Persoalan profesionalisme generasi muda juga patut dipertanyakan, karena meskipun dalam konteck politik, peranannya cenderung dipinggirkan. Namun, efouria berpolitik dikalangan muda semakin tinggi. Fenomena maraknya kesiapan kaum muda berpolitik menjelang Pemilu 2009, patut diacungi jempol meski hal tersebut sesungguhnya bukanlah suatu jalan keluar. Mengapa ?, karena kita seolah terbiasa bermain-main dengan regenerasi. Buktinya dari awal masa reformasi hingga sekarang, yang kita saksikan adalah problem krisis generasi.

Dalam pemilu 2009 kita tidak banyak berharap karena seperti biasanya kaum muda hanya bermain dipinggiran saja. Yang perlu dicatat, generasi elit politik senior yang berwajah sekarang ini merupakan tokoh tokoh yang diusahakan diera Orde Baru terlebih struktur kekuasaan masih berada ditangan mereka.

Jadi, terdapat kesamaan visi dalam mengartikan kata perubahan yang dimotori oleh kaum muda, Betul . . !, akibat desakan gerakan reformasi, kaum tua bersikap pro terhadap perubahan namun mereka cenderung takut mengimplementasikannya, kalaupun ada, sifatnya hanya konservatif sehingga memberi peluang kembalinya kemampanan cara berfikir serta kelembagaan yang kaku. Elit muda yang terlahir setelah reformasi, sangat terbatas dalam kapsitas menduduki jabatan lembaga negara hanya sebagian kecil.
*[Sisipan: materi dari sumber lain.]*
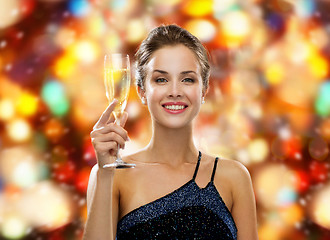 Image showing smiling woman holding glass of sparkling wine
Hal lain dalam berefouria berpolitik dikalangan muda, meskipun posisi mereka hanya dipinggir tetapi hasrat berpolitiknya tetap tinggi. Akibatnya, banyaknya kaum muda yang berbondong - bondong menjadi pemain politik dan meninggalkan ladang garapan lain. Misalnya, ladang kewirausahaan yang sejatinya keprofsionalitasannya dapat dipupuk dari sektor ini, jika mereka sukses sebagai wira usahawan sebetulnya panggilan berpolitik tinggal menunggu momentum saja.

Untuk berkiprah didunia politik, kalau profesionalnya tidak tersentuh akan menjadi pemimpin politik mereka malah tidak dapat berbuat banyak untuk membangun rakyat, kareana gagal disegala profesi.